Time and Time Again
Time and Time Again :
Or listen to the clocktowers
of any old well-managed city
beating their gongs round the clock, each slightly
off the others’ time, deeper or lighter
in its bronze, beating out a different
sequence each half-hour, out of the accidents
of alloy, a maker’s shaking hand
in Switzerland, or the mutual distances
commemorating a donor’s whim,
the perennial feuds and seasonal alliance
of Hindu, Christian, and Muslim -
cut off sometimes by a change of wind,
a change of mind, or a siren
between the pieces of a backstreet quarrel.

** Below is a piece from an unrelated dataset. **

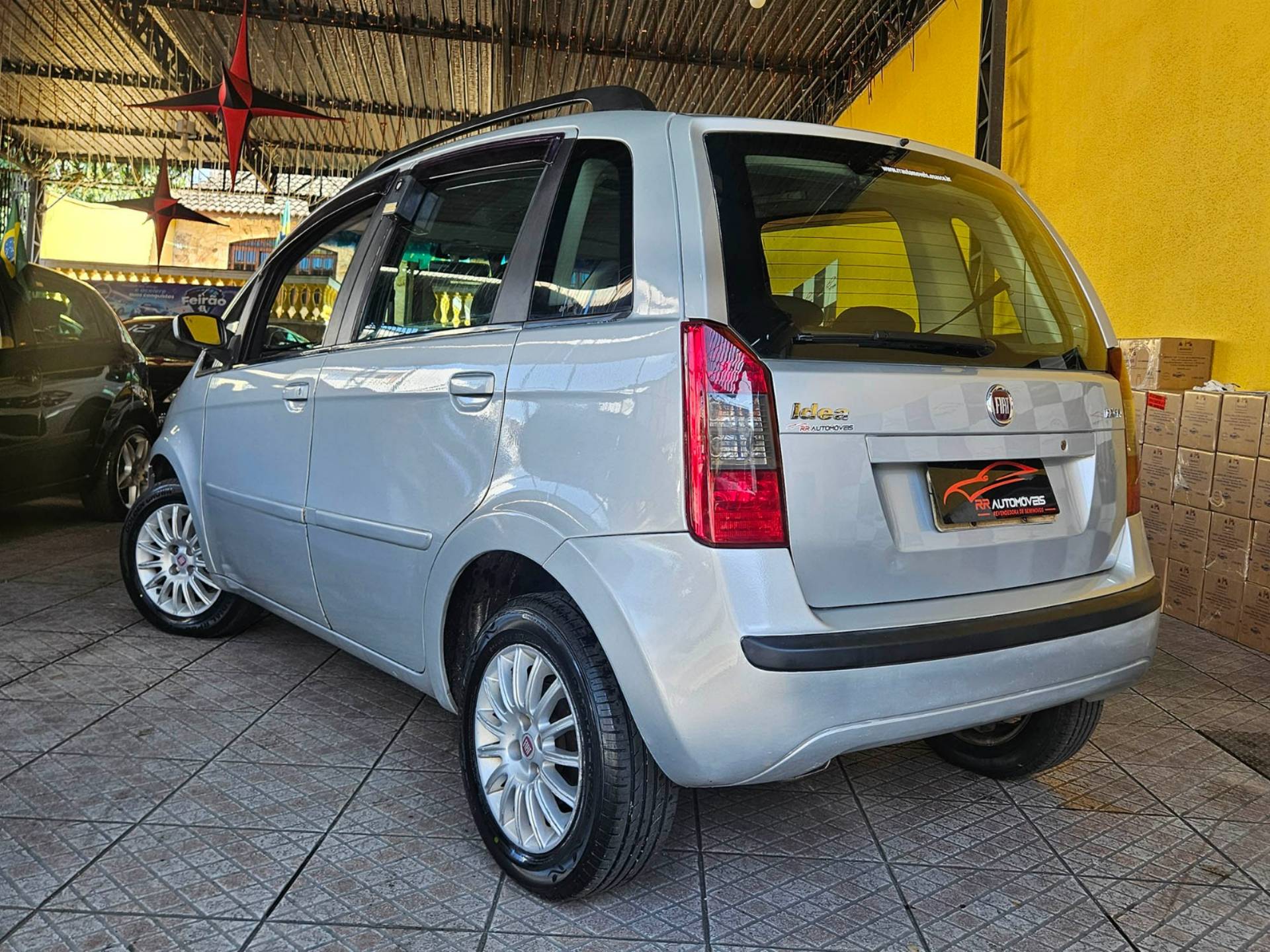 FIAT IDEA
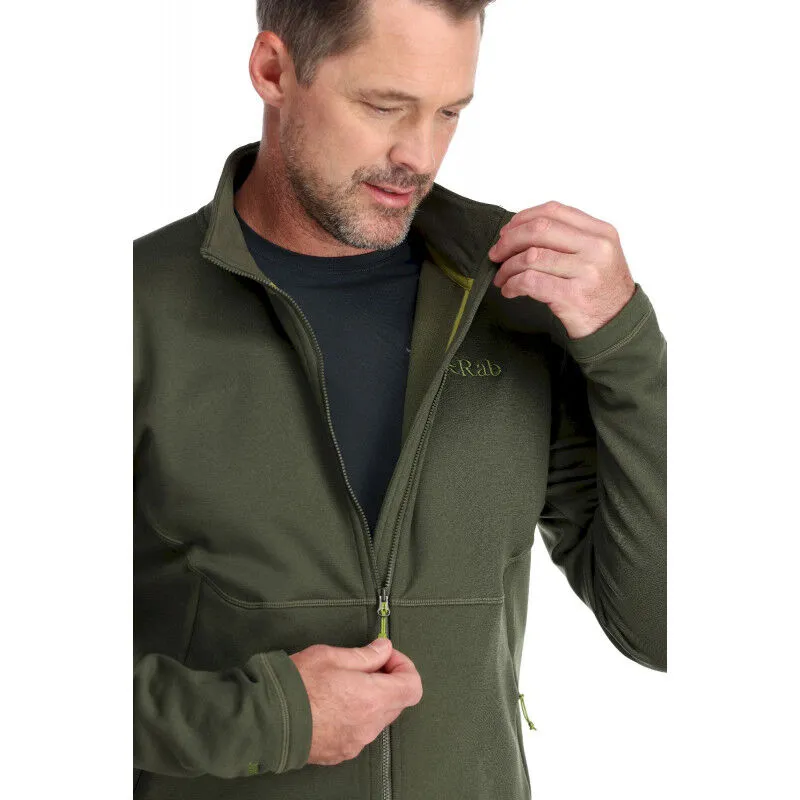 Rab  Geon Jacket - Giacca in pile - Uomo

One day you look up and see one of them
eyeless, silent, a zigzag sky showing
through the knocked-out clockwork, after a riot,
a peace-march time bomb, or a precise act
Of nature in a night of lightnings.
A.K. Ramanujan is one of India’s finest English language poets. He is best known for his pioneering translations of ancient Tamil poetry into modern English. At the time of his death he was professor of linguistics at the University of Chicago and was recognized as the world’s most profound scholar of South Indian languages and culture. His interests included anthropology and folklore. These influenced his work as a craftsman of English. This poem represents the complex distillation of a lifetime of unusual thought and feeling.